_EXERCISE DESCRIPTION_. Print, from the listing below, the lines starting at the line containing "Recambio de faro" and ending at the line containing "Homem morre após", exactly as they stand, and print nothing else.

_LISTED RECORDS_.
▼

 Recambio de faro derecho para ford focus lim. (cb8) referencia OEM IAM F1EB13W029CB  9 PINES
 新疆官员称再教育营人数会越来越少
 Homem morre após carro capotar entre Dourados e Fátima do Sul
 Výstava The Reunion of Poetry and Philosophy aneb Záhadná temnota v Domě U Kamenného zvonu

▲
▼

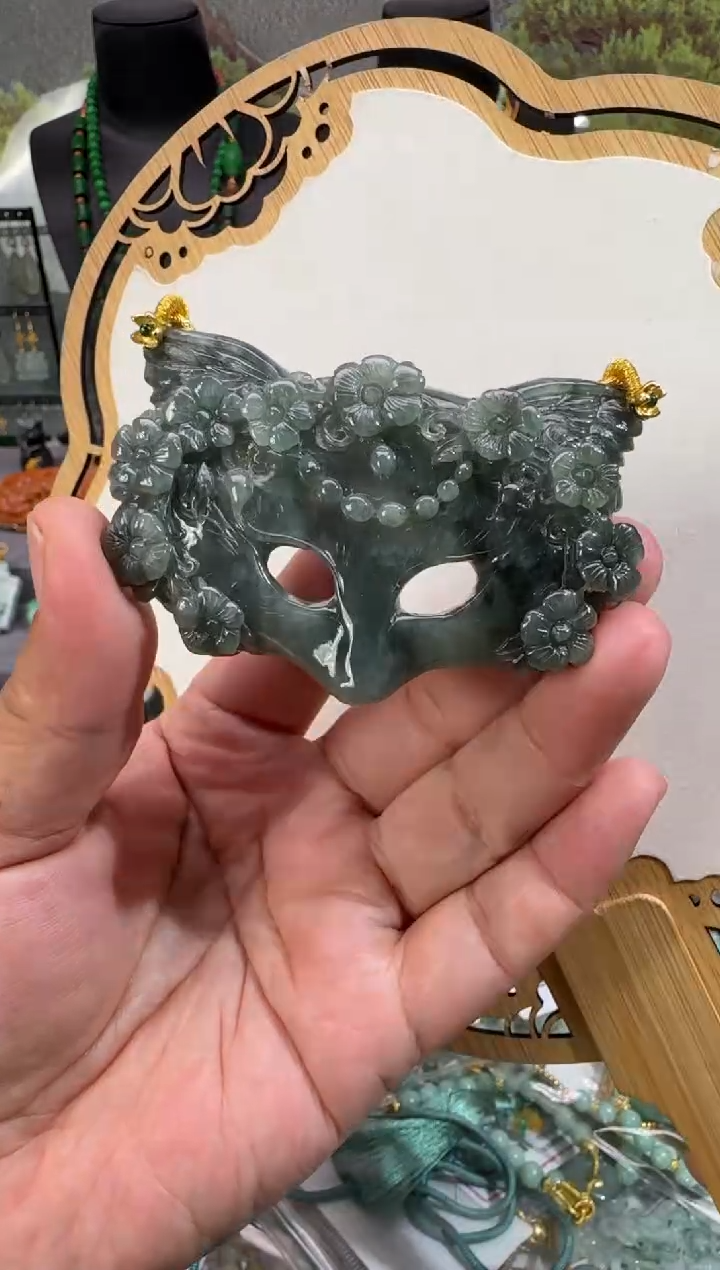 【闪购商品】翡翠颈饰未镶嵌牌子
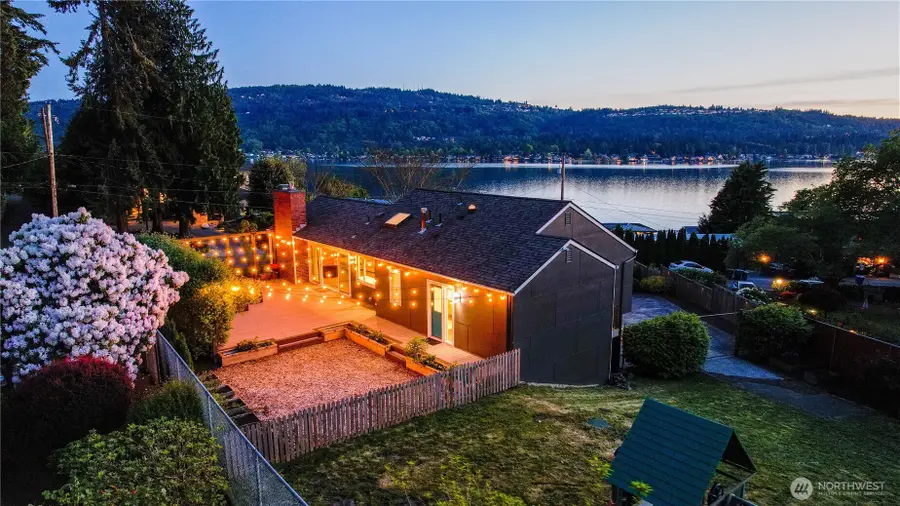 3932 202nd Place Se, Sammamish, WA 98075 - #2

▲
▼

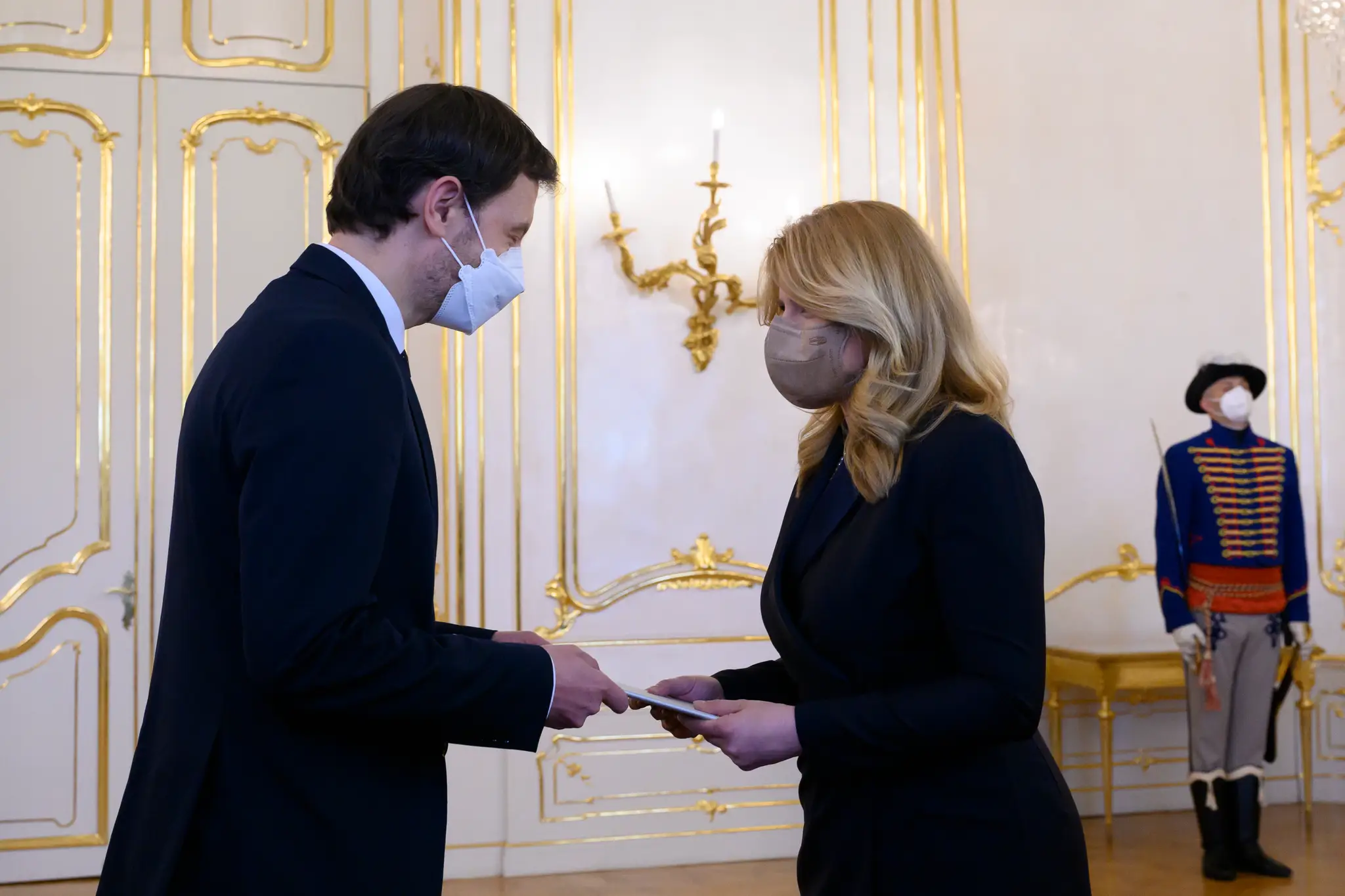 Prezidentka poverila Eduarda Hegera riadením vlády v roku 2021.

▲

_SOLUTION_.
 Recambio de faro derecho para ford focus lim. (cb8) referencia OEM IAM F1EB13W029CB  9 PINES
 新疆官员称再教育营人数会越来越少
 Homem morre após carro capotar entre Dourados e Fátima do Sul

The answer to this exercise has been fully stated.